- Born: 15 September 1883 Punjab, India
- Died: 31 August 1961 (aged 77) Sherborne St John, England
- Education: Bedford Modern School

= John Mervyn Dallas Wrench =

John Mervyn Dallas Wrench (15 September 1883 – 31 August 1961) was Chief Engineer of the Great Indian Peninsular Railway and later Chief Controller of Standards of the Railway Board of India from 1929 to 1940. Also known as J. M. D. Wrench, he was made CIE in 1929.

==Life==
John Mervyn Dallas Wrench was born in Punjab, India, on 15 September 1883. He was the son of John Mervyn Wrench (died 1903) and Fanny Julia van Zuylen van Nyevelt de Gaesebeke. His father was employed as an engineer in British India in 1873, worked for years on various railways there, and was Chief Engineer of the Great Indian Peninsular Railway when he died. Wrench was educated in England at Bedford Modern School.

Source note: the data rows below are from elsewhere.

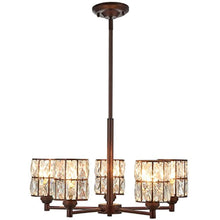 Load image into Gallery viewer, 5 Light Crystal Chandelier Lighting with Brown Finish,Modern and Concise Style Ceiling Light Fixture - EK CHIC HOME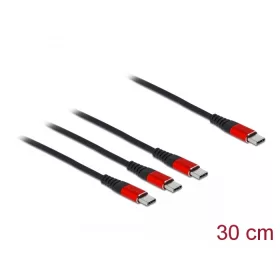   Delock 30 cm hosszú, USB töltő kábel 3 az 1 USB Type-C  apa 3 x USB Type-C  csatlakozáshoz (DL-86712)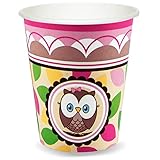 Owl Party Look Whoo's 1 Pink 9 oz. Paper Cups (8)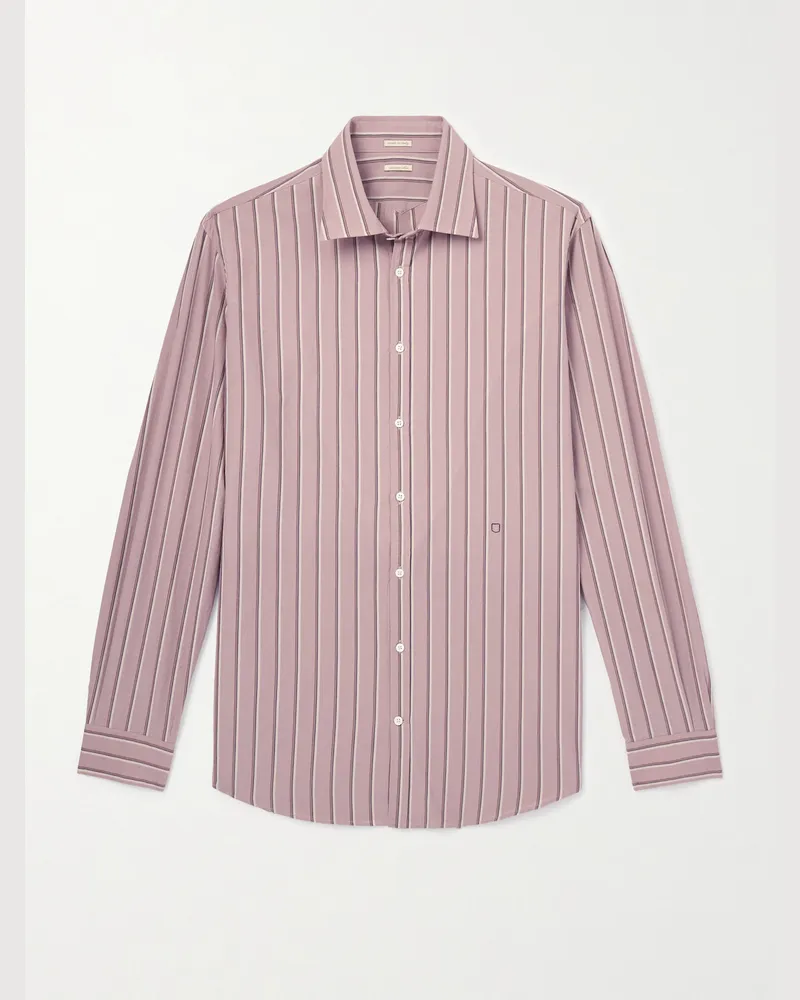 Massimo Alba Genova Hemd aus gestreifter Baumwollpopeline Pink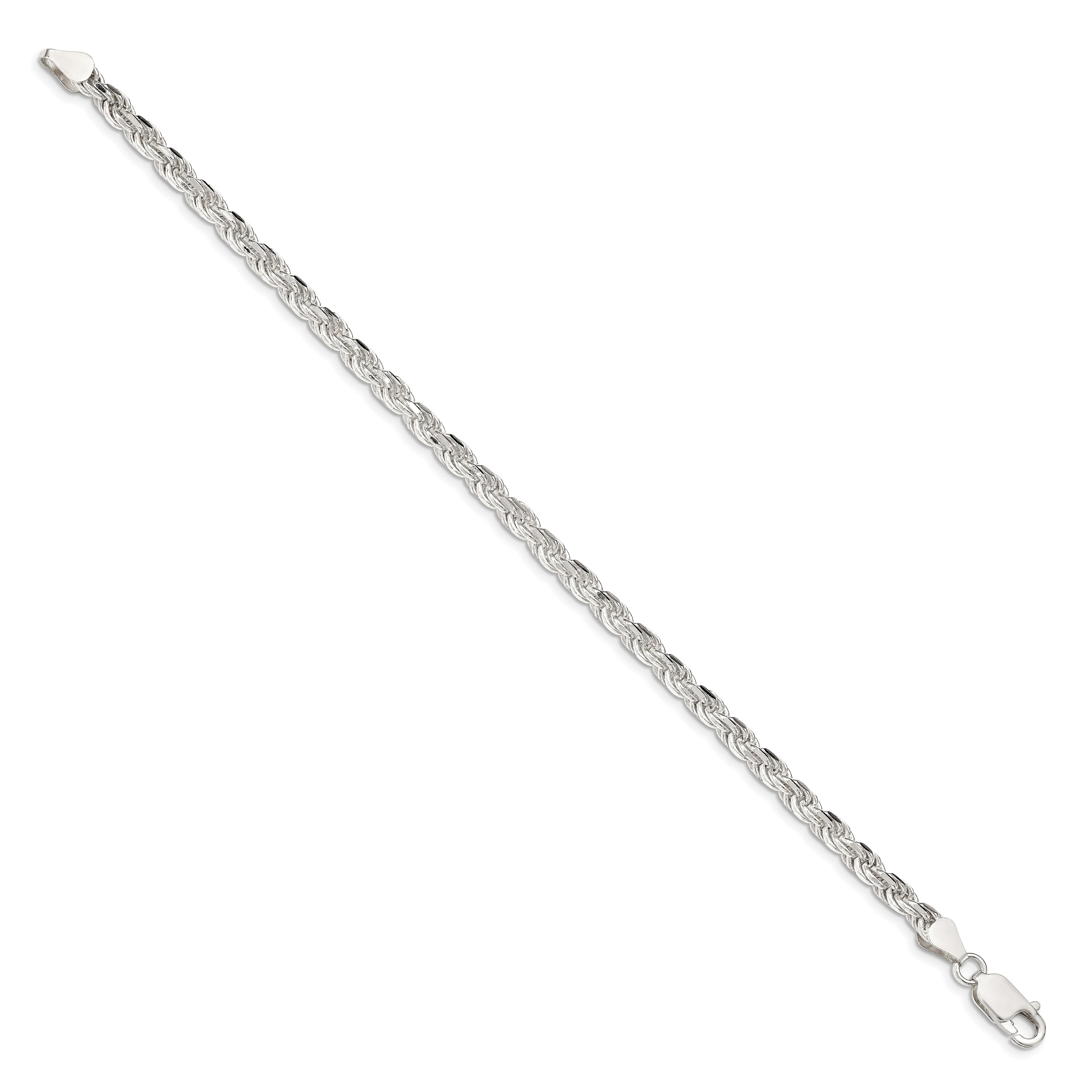 7 Inch Sterling Silver 4.25mm Diamond-Cut Rope Chain Bracelet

Wrench entered the Indian State Railway Service in 1906 and steadily rose through the ranks. During World War I he served in Mesopotamia from 1917 to 1919 attaining the rank of Major. After the War he was appointed Locomotive Superintendent of the Indian State Railways in 1921.

Wrench was made Chief Engineer of the Great Indian Peninsular Railway in 1923 and was later appointed Chief Controller of Standards of the Railway Board of India, a position he held between 1929 and 1940. He was made CIE in 1929.

Wrench married Elise Mackenzie-Hughes in 1908 with whom he had four daughters. He died on 31 August 1961 at Sherborne St John, England.